Recipe: Completely sophisticated mint and lime fizz

This is based on the elderflower fizz recipes we've been experimenting with- and here's an update on that, too: While just vinegar (no lemon or lime juice) works fine in these recipes, halving the sugar makes them pretty flavourless- which is a bit annoying, but never mind: The drink still did go fizzy- but it just didn't taste very elderflowery- and it did still get drunk!

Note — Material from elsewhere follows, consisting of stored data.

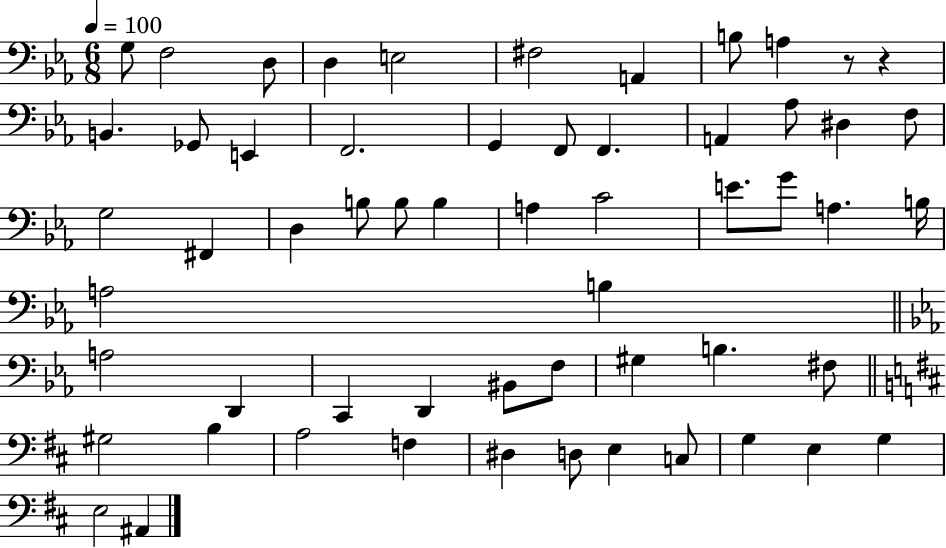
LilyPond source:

{
  \clef bass
  \numericTimeSignature
  \time 6/8
  \key ees \major
  \tempo 4 = 100
  \repeat volta 2 { g8 f2 d8 | d4 e2 | fis2 a,4 | b8 a4 r8 r4 | \break b,4. ges,8 e,4 | f,2. | g,4 f,8 f,4. | a,4 aes8 dis4 f8 | \break g2 fis,4 | d4 b8 b8 b4 | a4 c'2 | e'8. g'8 a4. b16 | \break a2 b4 | \bar "||" \break \key ees \major a2 d,4 | c,4 d,4 bis,8 f8 | gis4 b4. fis8 | \bar "||" \break \key b \minor gis2 b4 | a2 f4 | dis4 d8 e4 c8 | g4 e4 g4 | \break e2 ais,4 | } \bar "|."
}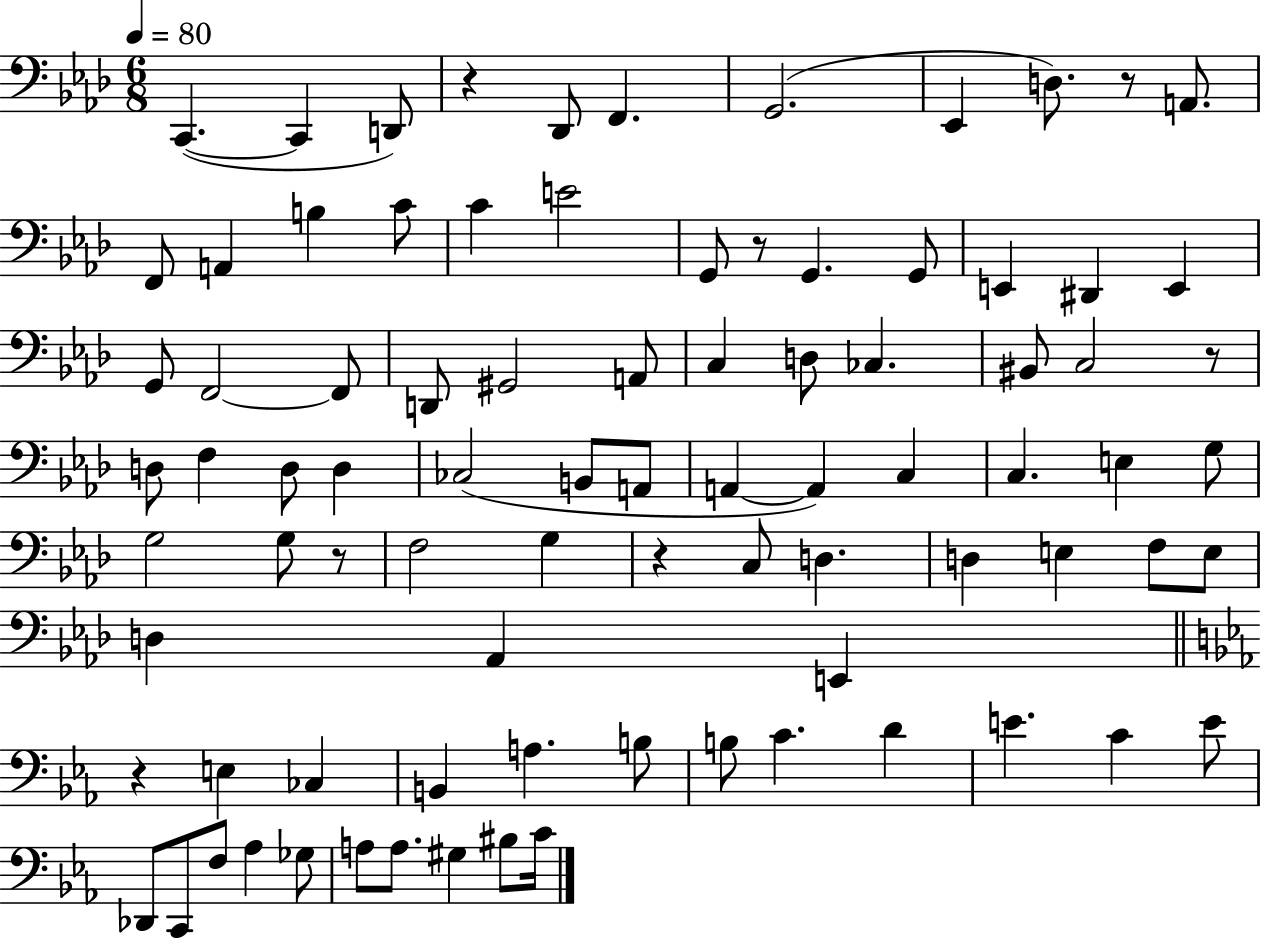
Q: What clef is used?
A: bass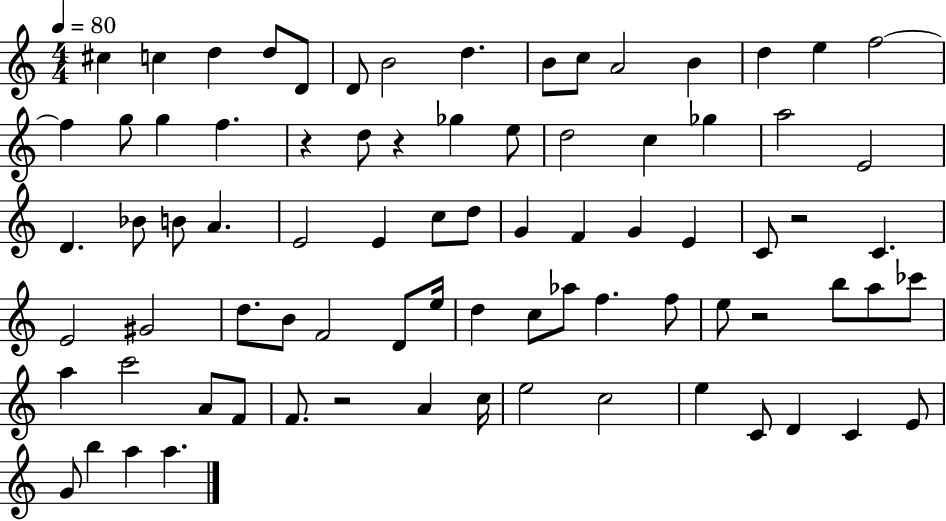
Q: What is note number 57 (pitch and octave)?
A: CES6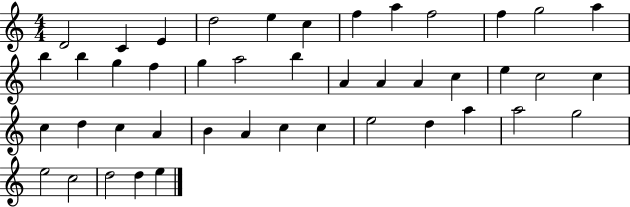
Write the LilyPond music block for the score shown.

{
  \clef treble
  \numericTimeSignature
  \time 4/4
  \key c \major
  d'2 c'4 e'4 | d''2 e''4 c''4 | f''4 a''4 f''2 | f''4 g''2 a''4 | \break b''4 b''4 g''4 f''4 | g''4 a''2 b''4 | a'4 a'4 a'4 c''4 | e''4 c''2 c''4 | \break c''4 d''4 c''4 a'4 | b'4 a'4 c''4 c''4 | e''2 d''4 a''4 | a''2 g''2 | \break e''2 c''2 | d''2 d''4 e''4 | \bar "|."
}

This mint and lime fizz tastes a lot less sweet than elderflower fizz despite containing the same amount of sugar. It's a really great minimally alcoholic grown up drink- it packs a bit of a punch from the mint and is lovely for sipping in warm weather- or at least, when you're pretending it's warm weather...

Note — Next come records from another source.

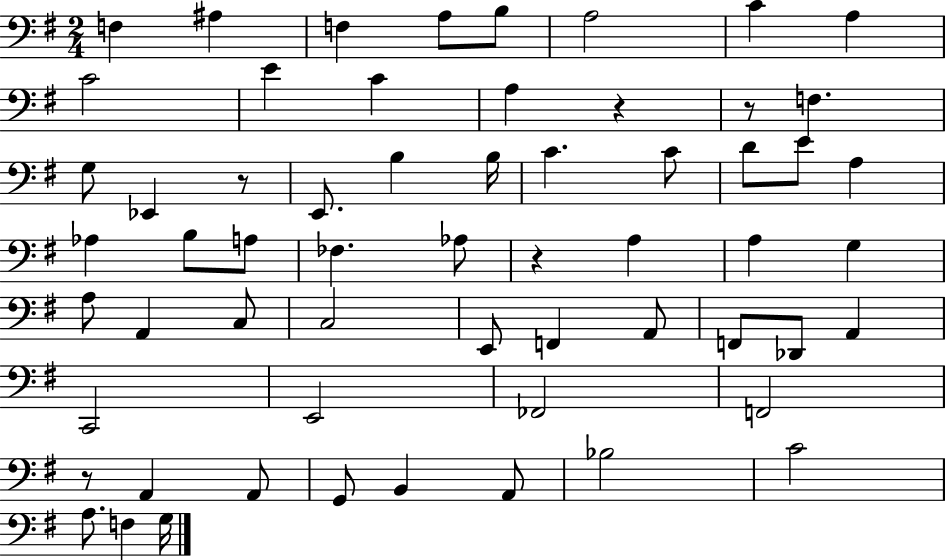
{
  \clef bass
  \numericTimeSignature
  \time 2/4
  \key g \major
  f4 ais4 | f4 a8 b8 | a2 | c'4 a4 | \break c'2 | e'4 c'4 | a4 r4 | r8 f4. | \break g8 ees,4 r8 | e,8. b4 b16 | c'4. c'8 | d'8 e'8 a4 | \break aes4 b8 a8 | fes4. aes8 | r4 a4 | a4 g4 | \break a8 a,4 c8 | c2 | e,8 f,4 a,8 | f,8 des,8 a,4 | \break c,2 | e,2 | fes,2 | f,2 | \break r8 a,4 a,8 | g,8 b,4 a,8 | bes2 | c'2 | \break a8. f4 g16 | \bar "|."
}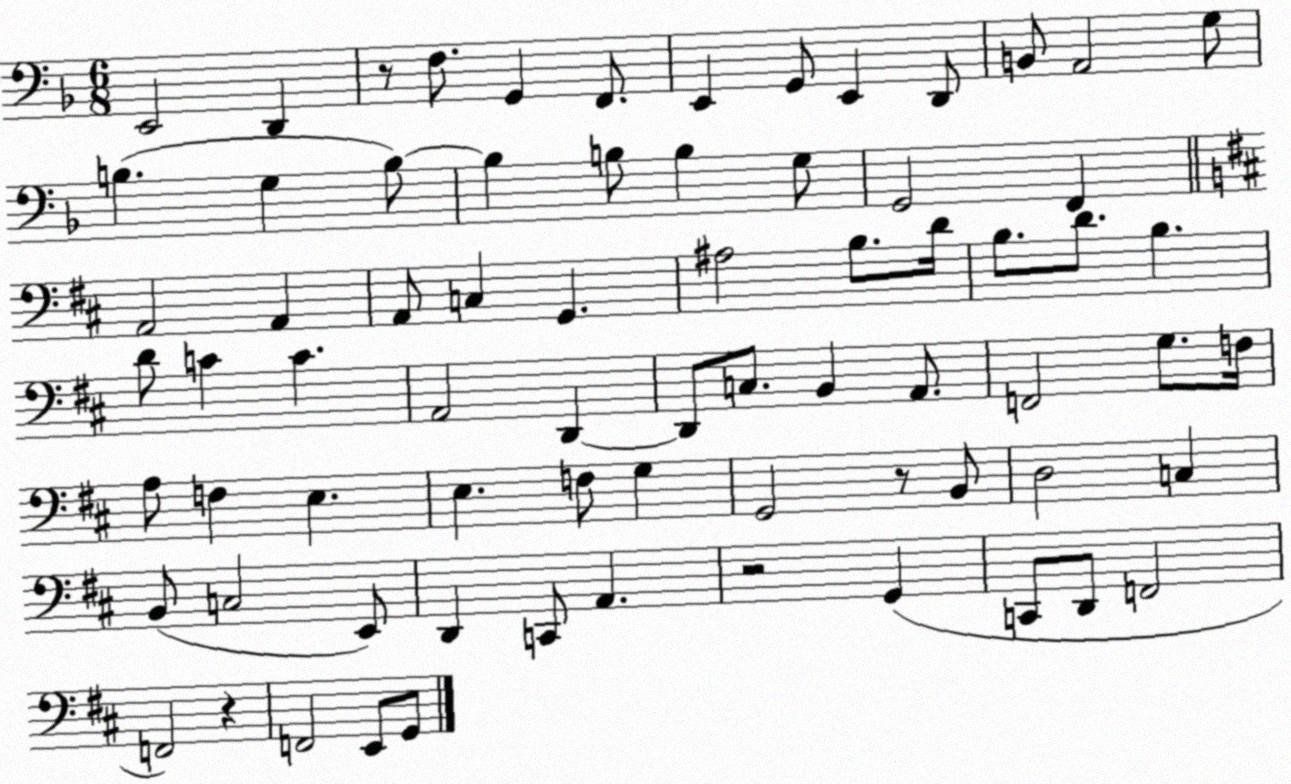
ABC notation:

X:1
T:Untitled
M:6/8
L:1/4
K:F
E,,2 D,, z/2 F,/2 G,, F,,/2 E,, G,,/2 E,, D,,/2 B,,/2 A,,2 G,/2 B, G, B,/2 B, B,/2 B, G,/2 G,,2 F,, A,,2 A,, A,,/2 C, G,, ^A,2 B,/2 D/4 B,/2 D/2 B, D/2 C C A,,2 D,, D,,/2 C,/2 B,, A,,/2 F,,2 G,/2 F,/4 A,/2 F, E, E, F,/2 G, G,,2 z/2 B,,/2 D,2 C, B,,/2 C,2 E,,/2 D,, C,,/2 A,, z2 G,, C,,/2 D,,/2 F,,2 F,,2 z F,,2 E,,/2 G,,/2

Just to go on a bit more about how great these drinks are- I reckon they cost about 15-20p per litre- that's depending whether you use just vinegar or add fresh lemon or lime too- which is pretty good compared to posh soft drinks- and they taste better than those, too! Maybe we need to invest in some posh bottles to show the drinks off rather than reusing the same Aldi cheap pop bottles over and over....


Anyway, on to the recipe!


Have a read of the elderflower fizz recipe for the basic techniques


Ingredients

  • 5 20-30cm stems of mint

  • 1 cup sugar

  • 2l tap water

  • juice of 1 lime

  • 1tbsp cider or wine vinegar (you can use 2tbsp vinegar if you don't have a lime handy- or use lemon juice)


You will also need

  • 2l clean fizzy drink bottle or 2x 1l bottles

  • a bowl or pan bigger than 2l

  • a clean tea towel

  • string or elastic to hold on the teatowel- optional, but can save you knocking the teatowel into the drink...

  • A sieve or tea strainer or cloth to strain the bits out of the drink

  • A funnel for pouring and jug with spout- optional, but helpful get the drink into a narrow-necked bottle.


Method

  1. Put the water, mint (torn up a bit if you like), sugar, juice and vinegar into the bowl

  2. Cover with the tea towel and leave for 2 days. This is where the wild yeasts get into the mix (if there aren't already enough from the mint) to make fermentation start.

  3. Pour the drink through the strainer into the bottle (I pour through a sieve lined with a clean teatowel into a big jug then from the jug into the bottle).

  4. Leave for 3 days-2 weeks at room temperature- release pressure regularly.

  5. Refrigerate and serve chilled.



As ever, when making naturally brewed drinks remember to release the pressure in the bottles regularly, and only give them to children in the first few days after bottling as the alcohol content will rise the longer the yeasts brew the drink. Once you're happy with the flavour, put them in the fridge to slow fermentation and drink them within the next week or two- still remembering to release pressure regularly.


Hmm. This photo doesn't look all that fizzy. But I can promise that mint and lime fizz gets very, very fizzy: Enjoy!